RESERVA ARAPIXI, Amazonas, 14 de junho  (Thomson Reuters Foundation) - Com um cigarro na mão e um facão lamacento na outra, Maria Nobre de Oliveira acredita que o chocolate de alta qualidade ajudará a acabar com a epidemia de desmatamento que assola comunidades amazônicas como a dela.

 

A comunidade onde mora Oliveira é composta por algumas dezenas de casas de madeira feitas à mão, sem eletricidade ou água corrente, na maior floresta tropical do mundo, a mais de seis horas de barco da cidade mais próxima do sudoeste do Amazonas, Boca do Acre.

 

Moradores de comunidades  isoladas da Amazônia dizem que têm poucas oportunidades de ganhar seu sustento sem desmatar para criar gado - parte da razão pela qual as taxas de desmatamento da Amazônia no Brasil subiram 29% em 2016, após anos de declínio.

 

Assim como os habitantes de comunidades isoladas desmatam a terra ter um meio de sustento, grandes fazendeiros e especuladores tentam invadir a reserva extrativista Arapixi, onde Oliveira vive, para derrubar árvores, disse um funcionário do Ministério do Meio Ambiente do Brasil.

 

Mas os moradores da reserva têm um novo aliado para ajudá-los a proteger as árvores - o chocolate.

 

"Esta é uma floresta virgem", disse Oliveira, de 62 anos, à Thomson Reuters Foundation, enquanto moradores usavam longas varas para derrubar frutos de cacau - o ingrediente básico para fazer o chocolate - das árvores da reserva.

 

"Uns homens vieram aqui um tempo atrás para derrubar as árvores - mas falamos para eles irem embora", disse Oliveira, conhecida na comunidade como Dona Graça, enquanto outros agricultores levavam grãos de cacau frescos para secar ao sol.

 

"Se a gente tivesse deixado, a gente não teria uma fonte de renda ... o cacau nos ajuda a proteger a floresta."

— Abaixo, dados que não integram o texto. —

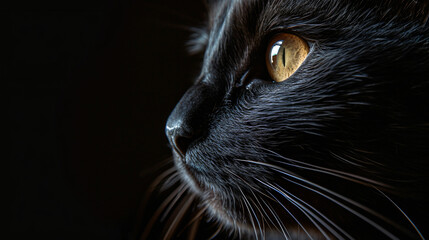 Black cat portrait close up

Os agricultores da reserva extrativista trabalham para uma cooperativa de Boca do Acre, que administra a venda e a exportação do cacau.

 

EM BUSCA DE EQUILÍBRIO

 

Encontrar um equilíbrio entre o emprego para a população local e a proteção das florestas da Amazônia desafia há tempos governantes e legisladores.

 

A cada minuto, uma área de selva equivalente a dois campos de futebol é derrubada na Amazônia, de acordo com o ex-diretor do serviço florestal do Brasil.

 

Técnicos do governo brasileiro dizem que projetos como a cooperativa de cacau estão ajudando os moradores a viverem da terra sem desmatar.

  

"Esses projetos de cacau vêm da comunidade, somos parceiros deles", disse Abílio Ikeziri, funcionário do Instituto Chico Mendes de Conservação da Biodiversidade (ICMBio), responsável por áreas protegidas.

 

A renda também ajuda os moradores a manter os fazendeiros e os grileiros fora da reserva, disse Ikeziri.

 

"Eu sou o único (funcionário) responsável para monitorar (uma reserva) de 1,5 milhão de hectares (15.000 km quadrados) de terra - é impossível (sem ajuda local)", disse ele à Thomson Reuters Foundation.

 

As comunidades que moram na reserva e vivem de extrativismo vegetal sustentável, como o cacau nativo, auxiliam o trabalho dos funcionários na defesa da terra contra especuladores, disse Ikeziri.

 

SOLUÇÕES COOPERATIVAS

 

Na reserva de Arapixi, os moradores costumavam colher cacau para consumo próprio e começaram a vender a produção para uma cooperativa há 10 anos.

 

No ano passado, eles exportaram mais de 10 toneladas de cacau nativo para a Europa, o que rendeu à cooperativa cerca de R$ 130 mil reais, uma queda em relação aos anos anteriores devido a más condições climáticas.

 

Uma vez que chega à Alemanha, o cacau é transformado em chocolate de alta qualidade, certificado ambientalmente.

 

Com sede no porto fluvial de Boca do Acre, a cooperativa emprega mais de 400 pessoas, incluindo uma dezena na comunidade de Oliveira, disse o gerente José Geraldo Tranin.

 

"Antes de lançarmos a cooperativa, muitas pessoas estavam desmatando a terra para criar gado", disse Tranin à Thomson Reuters Foundation no pequeno escritório da cooperativa em Boca do Acre. "Agora as pessoas sabem que o cacau gera renda, então elas estão preservando a floresta".

 

Com a ajuda de empreendedores sociais alemães que forneceram dinheiro para a compra de barcos e outros ativos para a cooperativa começar a funcionar, moradores da reserva como Oliveira receberam treinamento para a produção de cacau e ferramentas para colher e transportar a colheita de maneira adequada.

 

"A cooperativa quer expandir, então isso é bom pra nós", disse o fazendeiro José Freitas, de 52 anos, fazendo um intervalo entre a secagem de grãos de cacau sobre uma grade de metal ao sol.

 

COMPROVADO POR PESQUISAS

 

Os moradores da reserva ganham até R $ 1,2 mil por mês na época da safra, preparando os grãos para exportação - um salário razoável em uma região assolada pela pobreza - embora isso signifique trabalhar sete dias por semana.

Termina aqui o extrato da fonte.